I am running some linear regressions in R. I am dealing with a linear dependent and linear as well as categorical independent variables using lm. So far, I have looked at the output that
summary(model) gives me.
Calculates type-II or type-III analysis-of-variance tables for model objects.
I am under the impression that this
Anova() returns an F instead of the t-statistic but is ~ equivalent in what its tell me. (sample output below). So I was wondering
Are standard R
summary(lm) and car
Anova(lm) indeed doing pretty much the same calculations here? If not, what is the difference?

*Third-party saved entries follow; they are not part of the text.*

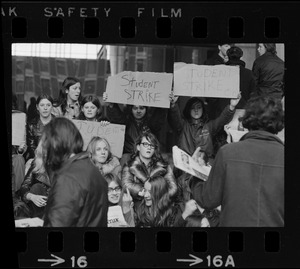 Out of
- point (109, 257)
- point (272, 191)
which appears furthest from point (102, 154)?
point (272, 191)

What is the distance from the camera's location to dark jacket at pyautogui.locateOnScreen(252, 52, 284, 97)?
8742 mm

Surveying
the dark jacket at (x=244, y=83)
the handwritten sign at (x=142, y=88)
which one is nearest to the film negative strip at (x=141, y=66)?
the handwritten sign at (x=142, y=88)

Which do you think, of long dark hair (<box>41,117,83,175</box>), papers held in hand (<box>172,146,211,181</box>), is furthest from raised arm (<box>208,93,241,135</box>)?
long dark hair (<box>41,117,83,175</box>)

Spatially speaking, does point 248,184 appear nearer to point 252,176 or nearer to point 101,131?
point 252,176

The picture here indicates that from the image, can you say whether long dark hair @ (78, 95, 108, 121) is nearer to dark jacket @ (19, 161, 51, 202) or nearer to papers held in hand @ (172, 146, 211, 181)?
dark jacket @ (19, 161, 51, 202)

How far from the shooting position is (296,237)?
8.87 metres

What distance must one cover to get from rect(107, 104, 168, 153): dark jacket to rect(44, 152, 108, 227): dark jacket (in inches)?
19.8

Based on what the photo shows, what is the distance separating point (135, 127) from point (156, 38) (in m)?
0.96

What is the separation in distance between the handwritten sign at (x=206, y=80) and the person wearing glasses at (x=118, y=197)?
113 centimetres

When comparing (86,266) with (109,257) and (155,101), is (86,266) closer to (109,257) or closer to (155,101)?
(109,257)

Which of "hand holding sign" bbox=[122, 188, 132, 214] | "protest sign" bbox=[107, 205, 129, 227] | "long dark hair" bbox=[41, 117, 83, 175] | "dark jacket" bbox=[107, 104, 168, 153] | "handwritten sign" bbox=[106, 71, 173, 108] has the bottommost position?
"protest sign" bbox=[107, 205, 129, 227]

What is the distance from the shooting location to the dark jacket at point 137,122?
8703 millimetres

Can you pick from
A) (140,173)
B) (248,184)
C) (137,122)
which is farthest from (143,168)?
(248,184)

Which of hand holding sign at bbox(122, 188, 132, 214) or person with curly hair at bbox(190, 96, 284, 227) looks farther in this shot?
hand holding sign at bbox(122, 188, 132, 214) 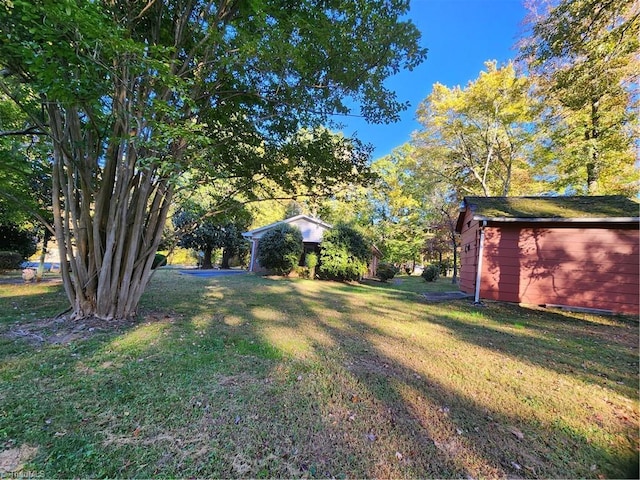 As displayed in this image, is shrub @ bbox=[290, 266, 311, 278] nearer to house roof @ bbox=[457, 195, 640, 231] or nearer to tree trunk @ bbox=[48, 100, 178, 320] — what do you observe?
house roof @ bbox=[457, 195, 640, 231]

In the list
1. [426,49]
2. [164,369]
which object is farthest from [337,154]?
[164,369]

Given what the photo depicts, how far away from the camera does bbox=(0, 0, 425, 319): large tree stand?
369 centimetres

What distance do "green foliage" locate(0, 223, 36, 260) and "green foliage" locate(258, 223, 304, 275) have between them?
10.9 m

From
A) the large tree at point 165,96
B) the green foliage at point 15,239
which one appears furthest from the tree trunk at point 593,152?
the green foliage at point 15,239

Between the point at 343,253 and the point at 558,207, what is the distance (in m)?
8.73

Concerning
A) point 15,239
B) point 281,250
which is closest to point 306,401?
point 281,250

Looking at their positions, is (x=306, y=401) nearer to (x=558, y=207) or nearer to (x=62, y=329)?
(x=62, y=329)

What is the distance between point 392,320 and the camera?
6.16m

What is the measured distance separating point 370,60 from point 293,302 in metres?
5.90

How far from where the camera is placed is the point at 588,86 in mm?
7082

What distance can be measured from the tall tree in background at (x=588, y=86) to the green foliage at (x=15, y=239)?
19703mm

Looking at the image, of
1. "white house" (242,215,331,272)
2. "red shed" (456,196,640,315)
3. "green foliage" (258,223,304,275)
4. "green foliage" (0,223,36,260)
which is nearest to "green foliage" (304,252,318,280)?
"green foliage" (258,223,304,275)

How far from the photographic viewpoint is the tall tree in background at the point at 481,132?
1350cm

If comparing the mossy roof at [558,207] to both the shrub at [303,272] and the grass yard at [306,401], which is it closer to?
the grass yard at [306,401] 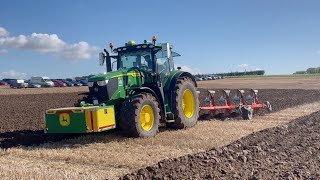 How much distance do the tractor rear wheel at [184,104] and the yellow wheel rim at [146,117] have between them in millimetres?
922

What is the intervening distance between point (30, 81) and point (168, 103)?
53.1 metres

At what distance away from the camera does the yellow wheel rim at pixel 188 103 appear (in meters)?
12.0

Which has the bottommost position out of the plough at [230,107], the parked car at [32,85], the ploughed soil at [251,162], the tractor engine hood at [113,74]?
the ploughed soil at [251,162]

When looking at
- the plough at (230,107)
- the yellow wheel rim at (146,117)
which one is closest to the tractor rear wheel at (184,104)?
the yellow wheel rim at (146,117)

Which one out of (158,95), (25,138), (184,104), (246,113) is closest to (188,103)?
(184,104)

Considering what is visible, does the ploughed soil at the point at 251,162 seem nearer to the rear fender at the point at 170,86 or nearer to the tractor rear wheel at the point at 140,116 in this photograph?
the tractor rear wheel at the point at 140,116

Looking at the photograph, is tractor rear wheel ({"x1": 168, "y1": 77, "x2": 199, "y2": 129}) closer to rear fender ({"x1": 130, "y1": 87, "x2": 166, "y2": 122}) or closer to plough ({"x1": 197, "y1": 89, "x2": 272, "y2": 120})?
rear fender ({"x1": 130, "y1": 87, "x2": 166, "y2": 122})

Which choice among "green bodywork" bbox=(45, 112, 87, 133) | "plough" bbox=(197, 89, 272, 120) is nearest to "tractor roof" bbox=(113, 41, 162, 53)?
"green bodywork" bbox=(45, 112, 87, 133)

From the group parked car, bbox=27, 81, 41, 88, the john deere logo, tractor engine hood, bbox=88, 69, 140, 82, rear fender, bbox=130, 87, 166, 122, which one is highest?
tractor engine hood, bbox=88, 69, 140, 82

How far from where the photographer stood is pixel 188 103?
12.1 metres

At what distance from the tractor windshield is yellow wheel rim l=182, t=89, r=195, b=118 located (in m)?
1.57

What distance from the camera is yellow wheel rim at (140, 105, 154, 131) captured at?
989 cm

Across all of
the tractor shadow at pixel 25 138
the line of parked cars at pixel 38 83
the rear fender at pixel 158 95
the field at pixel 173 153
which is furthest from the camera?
the line of parked cars at pixel 38 83

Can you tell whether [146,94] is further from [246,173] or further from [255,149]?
[246,173] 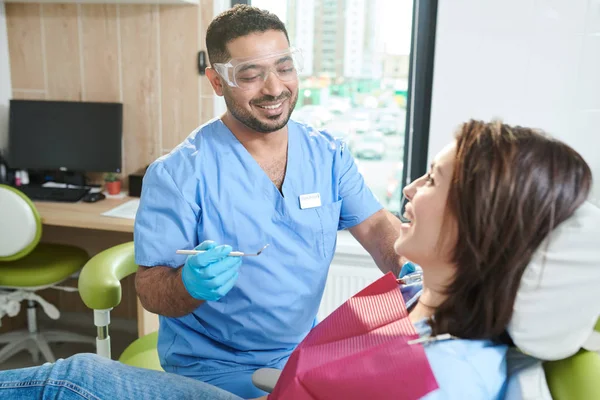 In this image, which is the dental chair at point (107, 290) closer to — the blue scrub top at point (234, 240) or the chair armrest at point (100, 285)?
the chair armrest at point (100, 285)

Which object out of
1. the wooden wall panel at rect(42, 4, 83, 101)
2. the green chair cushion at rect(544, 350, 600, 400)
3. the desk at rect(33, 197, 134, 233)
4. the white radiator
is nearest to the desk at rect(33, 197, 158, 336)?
the desk at rect(33, 197, 134, 233)

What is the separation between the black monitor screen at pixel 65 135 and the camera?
273cm

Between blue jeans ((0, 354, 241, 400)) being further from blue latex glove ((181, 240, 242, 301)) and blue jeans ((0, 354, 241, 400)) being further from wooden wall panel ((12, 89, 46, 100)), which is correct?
wooden wall panel ((12, 89, 46, 100))

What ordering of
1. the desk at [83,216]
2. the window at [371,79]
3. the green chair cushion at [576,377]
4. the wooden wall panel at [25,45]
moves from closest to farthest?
1. the green chair cushion at [576,377]
2. the desk at [83,216]
3. the window at [371,79]
4. the wooden wall panel at [25,45]

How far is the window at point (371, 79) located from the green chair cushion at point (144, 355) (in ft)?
4.17

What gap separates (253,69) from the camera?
146cm

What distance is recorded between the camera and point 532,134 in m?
0.90

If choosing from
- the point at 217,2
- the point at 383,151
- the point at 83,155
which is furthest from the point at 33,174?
the point at 383,151

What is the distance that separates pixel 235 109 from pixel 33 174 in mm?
1787

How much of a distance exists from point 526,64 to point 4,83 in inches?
96.9

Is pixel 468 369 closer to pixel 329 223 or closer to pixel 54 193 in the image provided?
pixel 329 223

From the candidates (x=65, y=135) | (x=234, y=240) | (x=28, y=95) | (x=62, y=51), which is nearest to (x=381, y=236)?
(x=234, y=240)

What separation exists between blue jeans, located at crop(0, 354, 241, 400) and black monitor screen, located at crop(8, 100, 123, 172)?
169 cm

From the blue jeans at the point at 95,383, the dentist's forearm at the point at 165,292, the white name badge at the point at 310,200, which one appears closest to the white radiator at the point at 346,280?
the white name badge at the point at 310,200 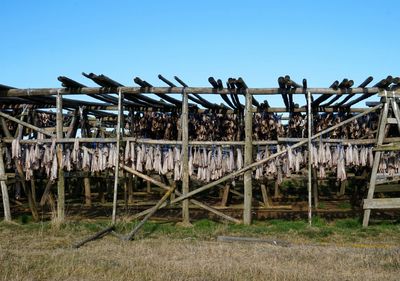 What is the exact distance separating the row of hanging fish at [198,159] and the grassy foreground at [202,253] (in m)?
1.41

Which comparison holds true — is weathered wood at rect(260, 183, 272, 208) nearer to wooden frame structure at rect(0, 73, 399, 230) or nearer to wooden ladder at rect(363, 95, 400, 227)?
wooden frame structure at rect(0, 73, 399, 230)

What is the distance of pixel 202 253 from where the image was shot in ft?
31.7

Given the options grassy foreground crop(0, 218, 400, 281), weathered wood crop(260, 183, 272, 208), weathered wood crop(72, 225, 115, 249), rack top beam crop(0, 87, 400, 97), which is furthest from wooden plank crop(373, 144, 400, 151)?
weathered wood crop(72, 225, 115, 249)

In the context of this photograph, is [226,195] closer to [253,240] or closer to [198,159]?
[198,159]

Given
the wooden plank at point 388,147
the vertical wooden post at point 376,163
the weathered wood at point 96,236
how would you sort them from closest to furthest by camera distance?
the weathered wood at point 96,236, the wooden plank at point 388,147, the vertical wooden post at point 376,163

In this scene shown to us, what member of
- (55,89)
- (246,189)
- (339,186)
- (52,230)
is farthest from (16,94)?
(339,186)

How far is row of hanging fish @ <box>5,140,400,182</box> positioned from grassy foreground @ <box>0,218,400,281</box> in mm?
1414

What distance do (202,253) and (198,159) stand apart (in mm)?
4408

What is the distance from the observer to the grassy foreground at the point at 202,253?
7.79 metres

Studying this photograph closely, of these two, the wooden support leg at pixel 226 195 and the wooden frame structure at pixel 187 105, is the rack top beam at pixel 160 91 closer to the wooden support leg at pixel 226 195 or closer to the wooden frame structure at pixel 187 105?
the wooden frame structure at pixel 187 105

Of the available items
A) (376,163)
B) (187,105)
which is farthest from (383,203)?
(187,105)

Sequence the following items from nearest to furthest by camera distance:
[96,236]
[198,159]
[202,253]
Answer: [202,253] → [96,236] → [198,159]

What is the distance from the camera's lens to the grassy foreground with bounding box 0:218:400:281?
307 inches

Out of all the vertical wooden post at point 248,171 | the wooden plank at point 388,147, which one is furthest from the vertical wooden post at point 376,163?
the vertical wooden post at point 248,171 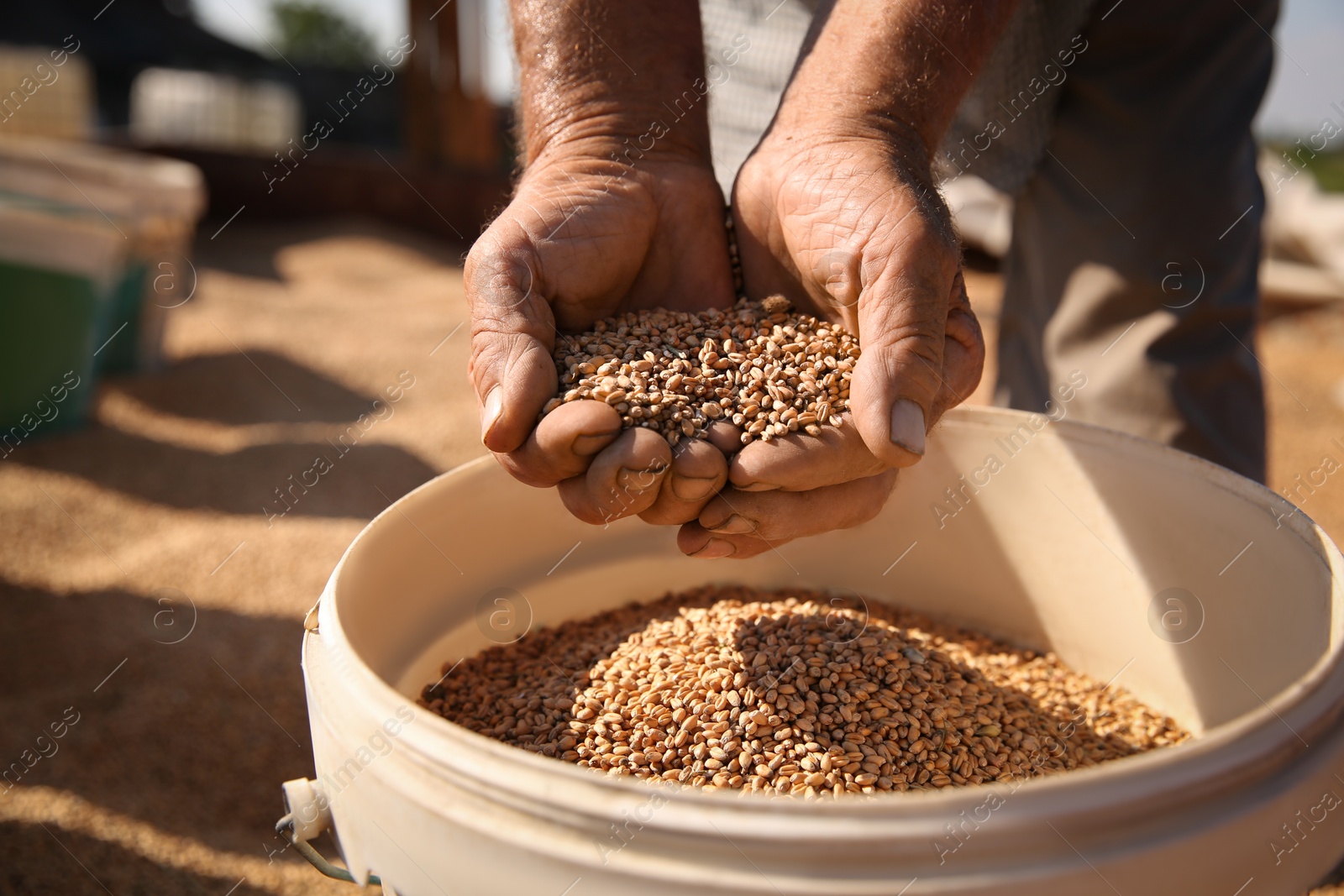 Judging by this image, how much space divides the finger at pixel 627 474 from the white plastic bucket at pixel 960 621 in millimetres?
306

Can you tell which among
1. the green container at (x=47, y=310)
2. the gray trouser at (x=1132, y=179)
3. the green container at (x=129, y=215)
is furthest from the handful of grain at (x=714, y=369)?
the green container at (x=129, y=215)

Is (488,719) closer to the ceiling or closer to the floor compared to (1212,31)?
closer to the floor

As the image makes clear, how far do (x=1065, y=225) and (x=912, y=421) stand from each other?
1.37 meters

They both report the same p-value, however the F-statistic at the bottom of the standard output is different from the
Anova() one. Why is that?
What are applications where one would choose one over the other?
Any help is much appreciated!
summary(linreg) ... Estimate t value Pr(>|t|) Age -18.016 -3.917 0.000107 Gender -45.4912 -4.916 1.35e-06 --- Residual standard error: 85.81 on 359 degrees of freedom F-statistic: 16.71 on 2 and 359 DF, p-value: 1.147e-07
Anova(linreg) Anova Table (Type II tests) Sum Sq F value Pr (>F) Age 112997 15.345 0.0001072 Gender 1777936 24.164 1.348e-06
The tests are not generally the same, but in this case they are and will be for any two parameter model. This is because the t-test on the summary table compares the the full model $$ y = \beta_0 + \beta_1 x ...(1)$$ with the model that $y = \beta_1 x$ for testing $\beta_0 = 0 $ and then for testing $\beta_1 = 0 $ it compares $y = \beta_0 $ with (1). While the F test in the anova table compares $y = 0$ with $y = \beta_0$ for testing that $\beta_0 = 0$ and then compares $y= \beta_0$ with $y = \beta_0 +\beta_1 x$ for testing that $\beta_1 = 0$. Thus the two tests here gives almost the same results, but for the case where there are multiple explanatory variables the results will differ, and the difference will be more apparent if the variables are correlated, another difference is that the anova table F-test may differ with different ordering of the explanatory variables thus anova table is more preferable if the is suspect of correlation between the explanatory variables (suspect that they may explain the same variation in the response), while the t-test is best as an first step of assessment , hope that answers all your questions.